Exercise data: Begin

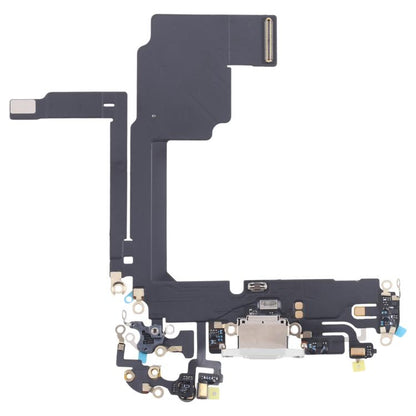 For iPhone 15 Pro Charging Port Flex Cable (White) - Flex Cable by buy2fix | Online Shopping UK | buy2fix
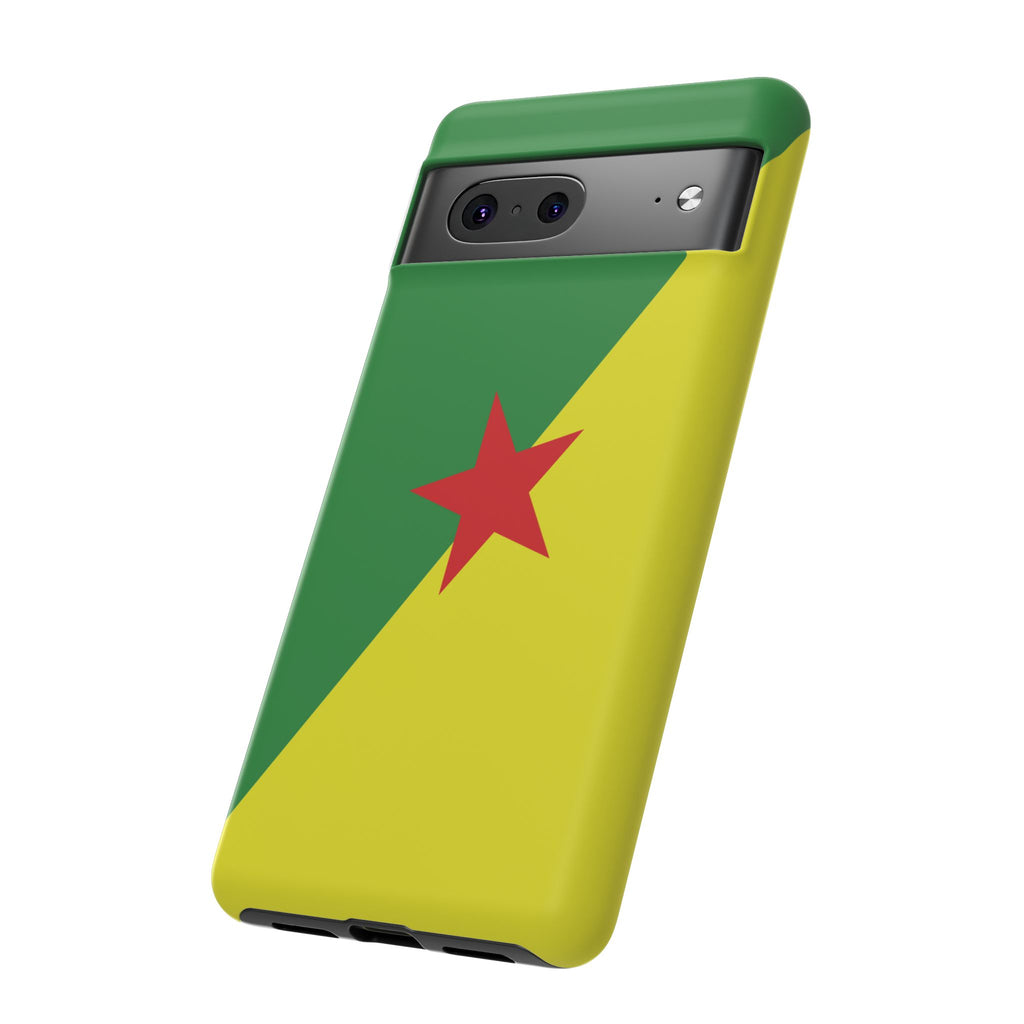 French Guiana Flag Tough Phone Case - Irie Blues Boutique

Exercise data: End
Exercise data: Begin

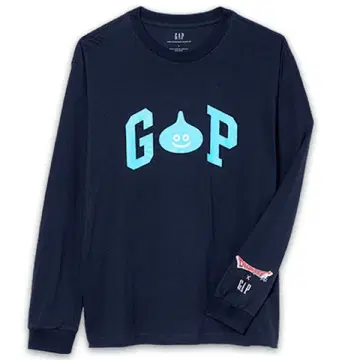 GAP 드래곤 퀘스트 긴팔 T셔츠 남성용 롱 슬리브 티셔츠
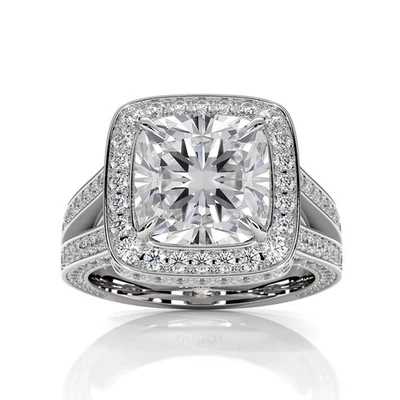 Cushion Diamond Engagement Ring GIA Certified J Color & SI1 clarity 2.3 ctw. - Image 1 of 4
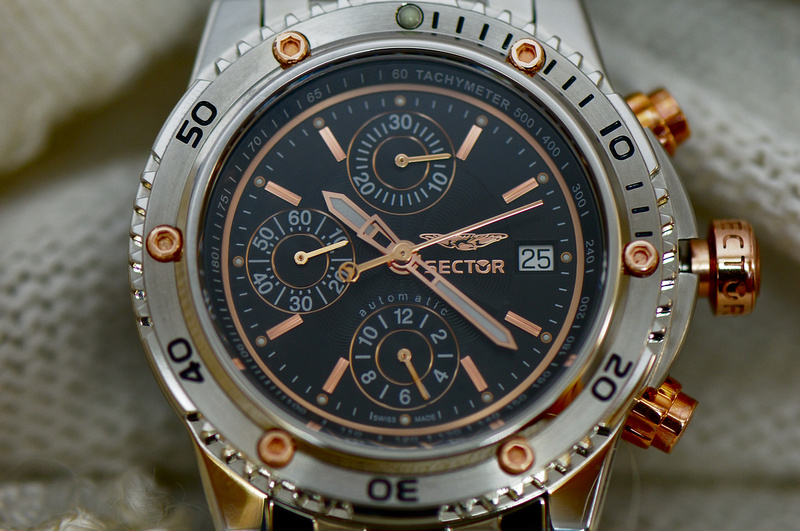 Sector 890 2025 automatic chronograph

Exercise data: End
Exercise data: Begin

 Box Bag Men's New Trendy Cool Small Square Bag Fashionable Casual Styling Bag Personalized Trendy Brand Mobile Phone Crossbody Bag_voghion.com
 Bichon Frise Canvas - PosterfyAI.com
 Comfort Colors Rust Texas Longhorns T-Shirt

Exercise data: End

**Your instructions:** Everything above from the line that has "GAP 드래곤 퀘스트 긴팔 T셔츠 남성용 롱 슬리브 티셔츠" down to the line that has "Sector 890 2025 automatic chronograph" should be output exactly, with both of those lines included. Leave the pictures behind.

**Task answer:**
 GAP 드래곤 퀘스트 긴팔 T셔츠 남성용 롱 슬리브 티셔츠
 Cushion Diamond Engagement Ring GIA Certified J Color & SI1 clarity 2.3 ctw. - Image 1 of 4
 Sector 890 2025 automatic chronograph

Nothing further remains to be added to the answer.